Gysi bestreitet seit mehr als 20 Jahren, an den DDR Geheimdienst berichtet zu haben. Auch gegen die ARD-Dokumentation wehrte er sich und legte die eidesstattliche Versicherung vor. Nachdem einige Zeit später ein Stasi-Aktenvermerk bekannt wurde, der dies erneut in Zweifel gezogen hatte, erstattete ein pensionierter Münchner Richter Strafanzeige gegen Gysi. Der Verdacht: Die eidesstattliche Versicherung entspreche nicht der Wahrheit – Gysi hätte sich in diesem Fall strafbar gemacht. Ihm würden eine Geldstrafe oder eine Freiheitsstrafe bis zu drei Jahren drohen.

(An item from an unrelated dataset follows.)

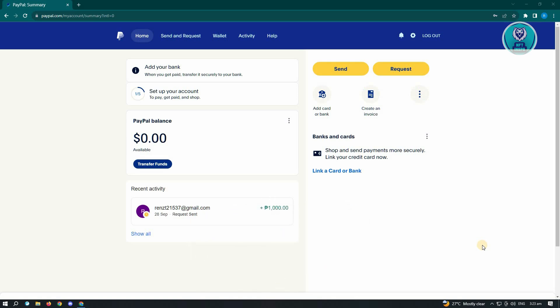And the final and last reason, PayPal family and friends is not yet available in your country. So this feature is not yet available to all countries, which is unfortunate.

Später erstattete auch die ehemalige DDR-Bürgerrechtlerin Vera Lengsfeld Anzeige gegen Gysi.
Deshalb ermittelt die Hamburger Staatsanwalt schon seit zweieinhalb Jahren gegen Gysi; immer wieder wurde ein zügiger Abschluss des Ermittlungsverfahrens angekündigt. Inzwischen ist jedoch innerhalb der Hamburger Justiz ein außergewöhnlich harter Streit entbrannt, ob nun Anklage erhoben werden soll oder nicht. Juristisch müsste ein „hinreichender Tatverdacht“ gegen Gysi vorliegen.

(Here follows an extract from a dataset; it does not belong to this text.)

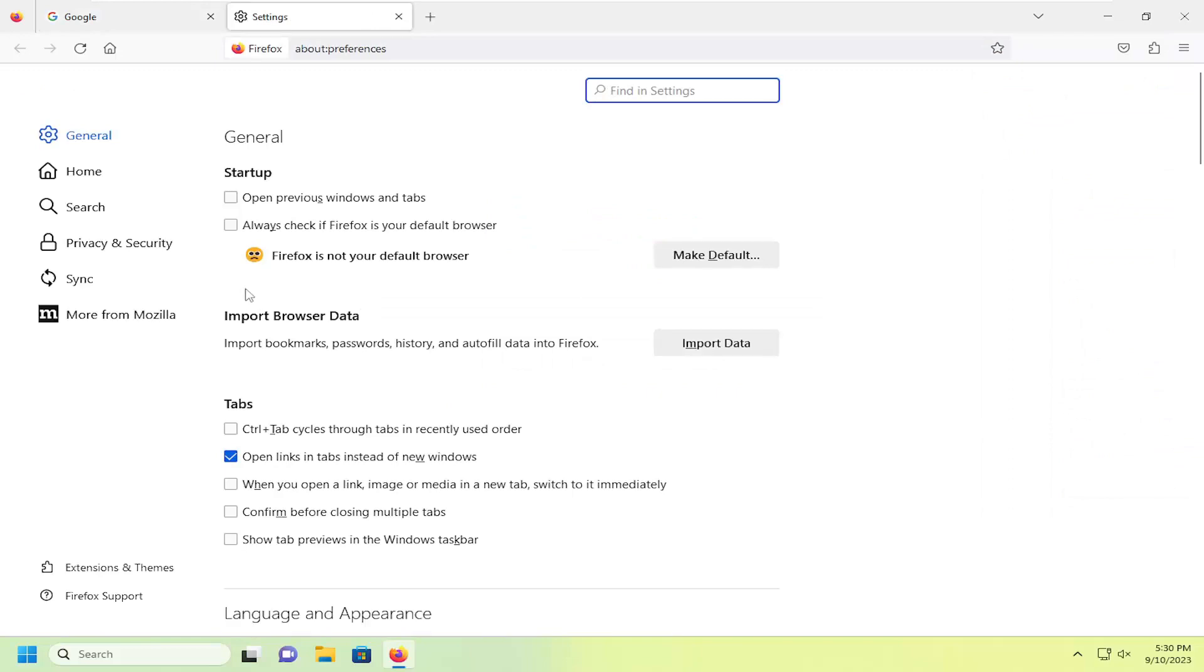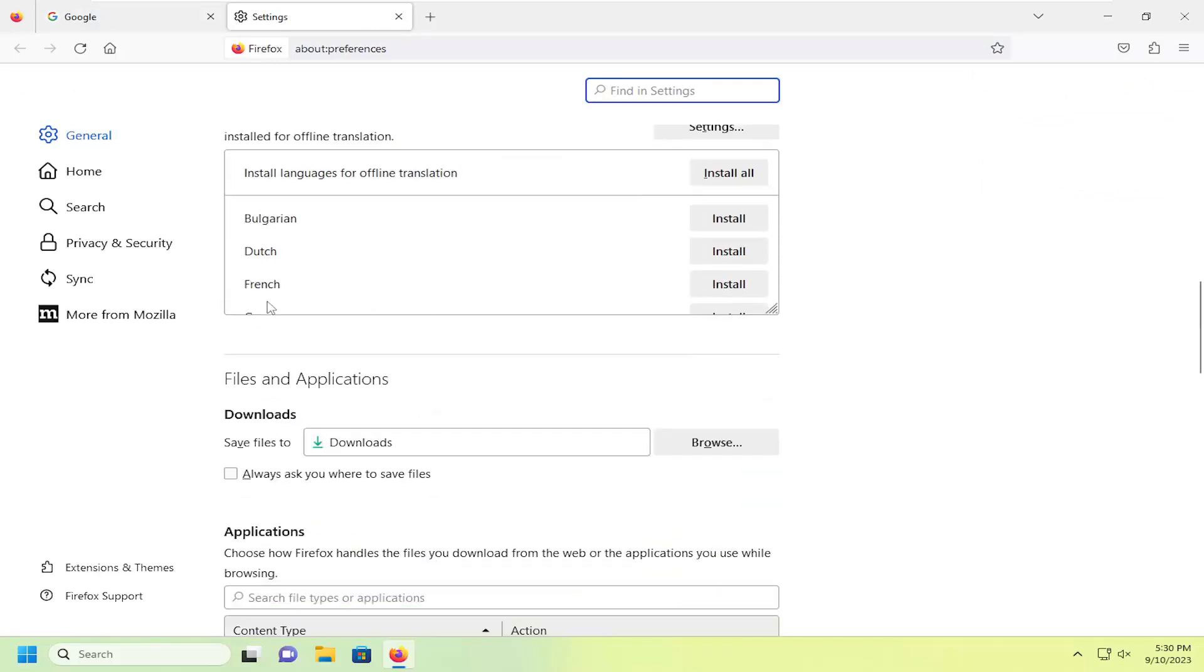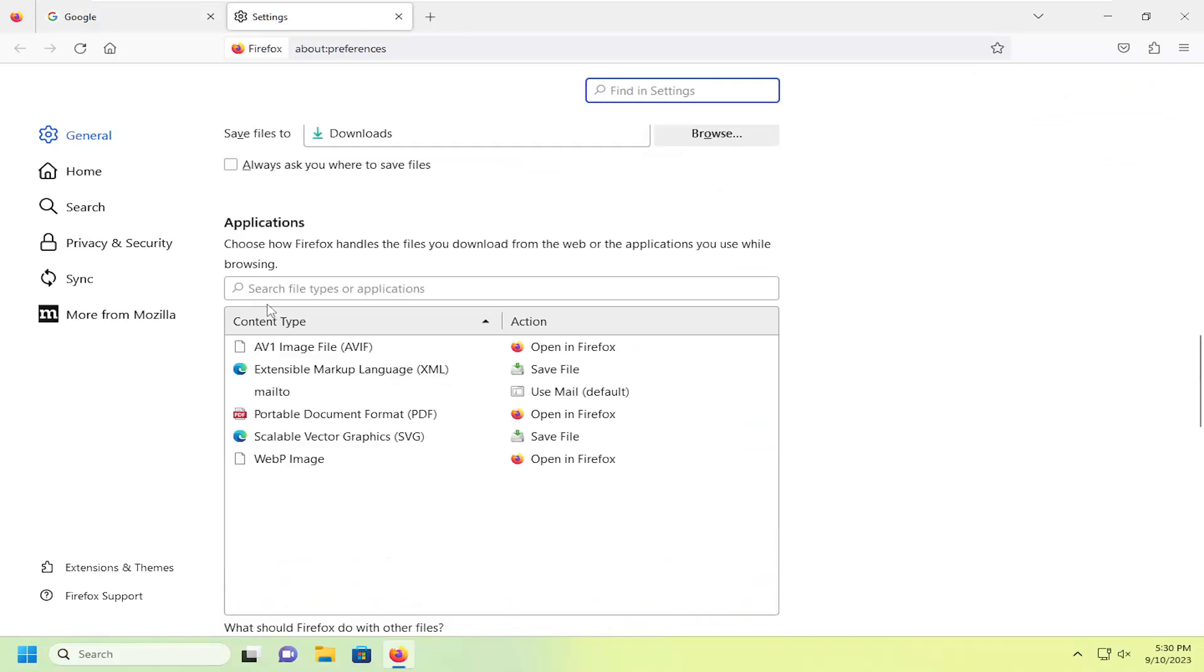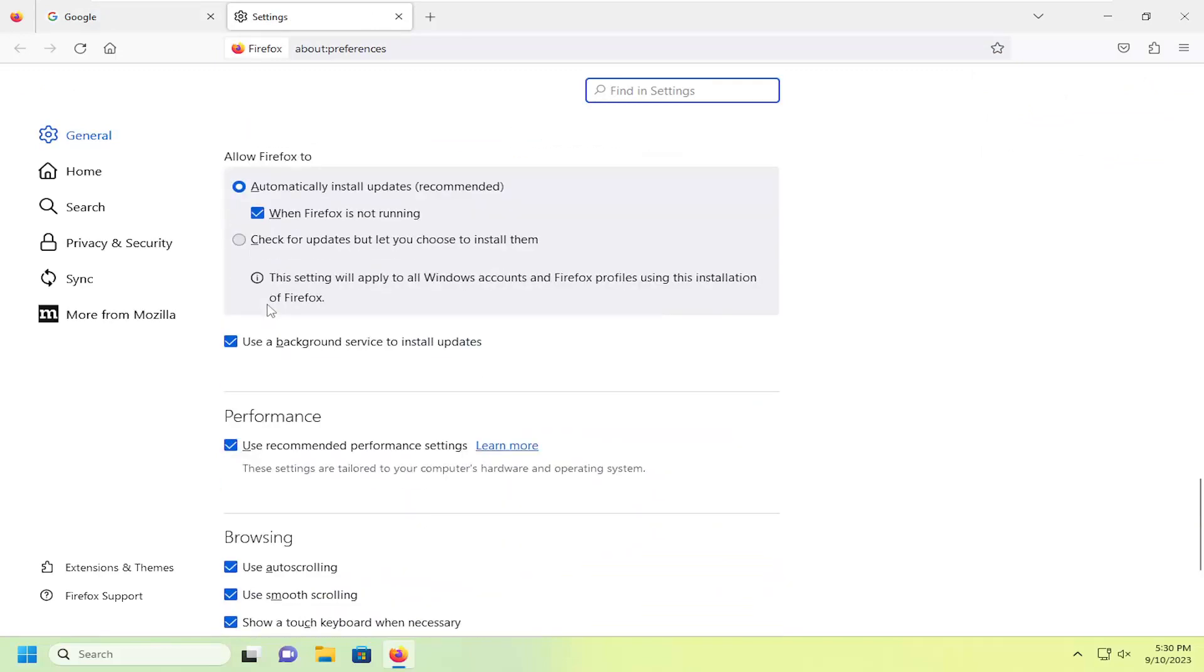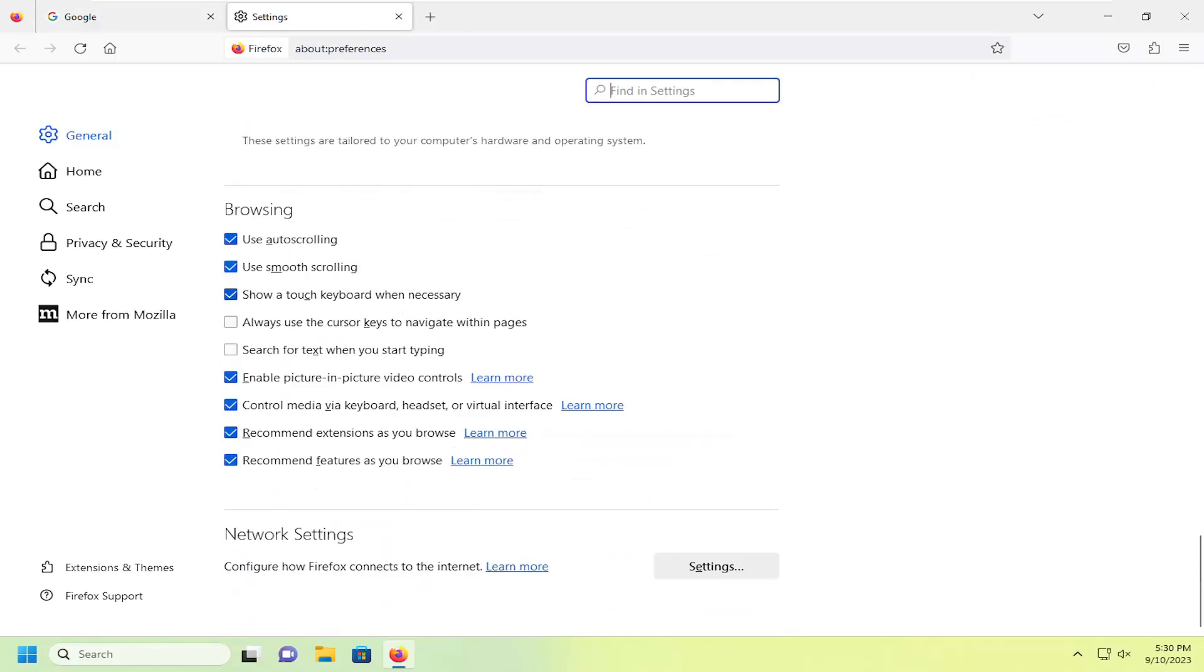On the right side, you want to scroll down underneath Browsing. And where it says Auto-scrolling, you want to just either checkmark or uncheck that, depending on whatever you want your selection to be.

Der Behördenleiter, der Hamburger Generalstaatsanwalt Lutz von Selle, hat nach Recherchen von NDR, WDR und „Süddeutscher Zeitung“ aufgrund seiner Kenntnis des Verfahrens Weisung erteilt, Gregor Gysi anzuklagen. Doch der mit dem Fall betraute Staatsanwalt betrachtet den Vorgang ganz anders: Er sieht offenbar keinen „hinreichenden Tatverdacht“. Deshalb ist innerhalb der Justiz ein offener Konflikt ausgebrochen. Weil der ermittelnde Staatsanwalt sich nicht anweisen lassen will, den Linken-Politiker vor Gericht zu bringen, hat er Beschwerde beim Hamburger Justizsenator Till Steffen (Grüne) eingelegt. Dort liegt der Fall nun seit rund zwei Wochen, und der Justizsenator muss entscheiden, ob er die Anweisung für rechtswidrig hält. Diese Prüfung dürfte einige Zeit in Anspruch nehmen.
Eine Sprecherin der Justizbehörde bestätigte den Eingang einer Beschwerde aus der Staatsanwaltschaft, wollte sich zu Details aber nicht äußern. „Der Justizbehörde Hamburg liegt nun eine Beschwerde eines Beamten gegen eine Weisung vor, die er für nicht rechtmäßig hält. Und darüber, über diese Beschwerde, müssen wir nun entscheiden“, sagte die Sprecherin der Justizbehörde, Marion Klabunde.
Auf Anfrage teilte die Staatsanwaltschaft Hamburg mit, dass das Ermittlungsverfahren gegen Gysi noch nicht abgeschlossen sei. Zu internen Vorgängen könne man keine Auskünfte erteilen. (red.)